Always evaluate yourself which keywords are actually useful for your topic. Also, check the logic and functionality of the search query. In the picture you see a correct query model and points to pay attention to.
Examples of how to start conversation:
- “Can you find synonyms for the term sensory defensiveness?”
- “Tell me keywords for information search about the topic how the use of wood affects fine particle emissions.”
- “If there are two main concepts: environmental effects and vehicles, can you give me synonyms and related search terms for these both in a table form, where concepts are in columns.”
- “Use Boolean logic to find publications about eating disorders and young people. Use several synonyms for both concepts.”
Examples of suitable AI applications:
Copilot (Microsoft) – recommended
ChatGPT 4o-versions (OpenAI)
Gemini (Google)
Perplexity
FintoAI is an application specializing in keywords. It suggests words based on YSO thesaurus in Finnish, Swedish or English.
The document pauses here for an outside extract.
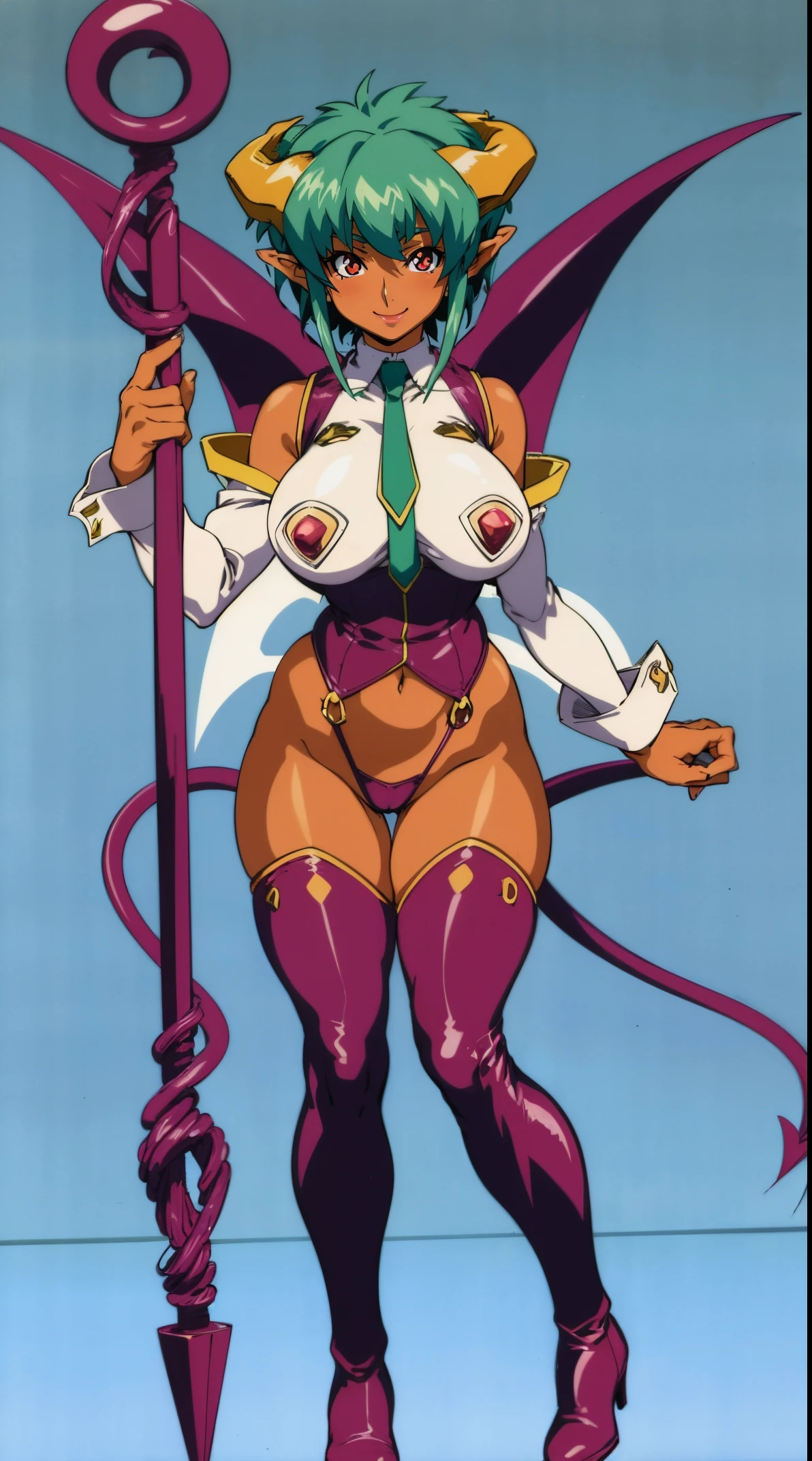 large breasts, thick thighs, vipergts,dark skin,horns,wings,pointy ears,demon girl,demon tail,red eyes, green hair, short hair, , shiny skin,, full body, pants, corsep, pullover,boots,vest,, staff holding, smile, full body, medieval village in europe, refsheet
FintoAI is given a text as input, e.g. a summary describing the topic.
When searching for information, it is advisable to first distinguish between applications that do not search for information themselves but base their entire response on a generative language model, i.e., simply on the probabilities of word occurrences. An example of this is the basic version of ChatGPT, first published in 2022, which is neither a database nor a search engine.
Many other applications utilizing language models perform the task using genuine sources:
Applications utilizing generative language models
Choose an application, where genuine information retrieval is done from real sources. The application uses these to generate an answer. Depending on the application, the search can go through the open web sources (e.g. Copilot and ChatGPT 4o) or a specific database containing selected information, such as open access scientific articles (e.g. Elicit). The result of the search is a short answer to the question or a summary of the topic, along with the sources used in the answer.
Formulate the question clearly but concisely and include sufficiently precise terms to get a relevant answer. Partition a complex task into smaller parts.
The answer produced by AI is often based on a very small number of documents. There is little information on how the application selects the sources it uses, which undermines the reliability of the answer. Therefore, check the original sources which the AI refers to. Also, do your own search from other sources to get a more complete picture.
Note that AI does not always act the way it is asked of. For example, even if you ask the AI application to base its response only on scientific or peer-reviewed articles, it may not necessarily do so.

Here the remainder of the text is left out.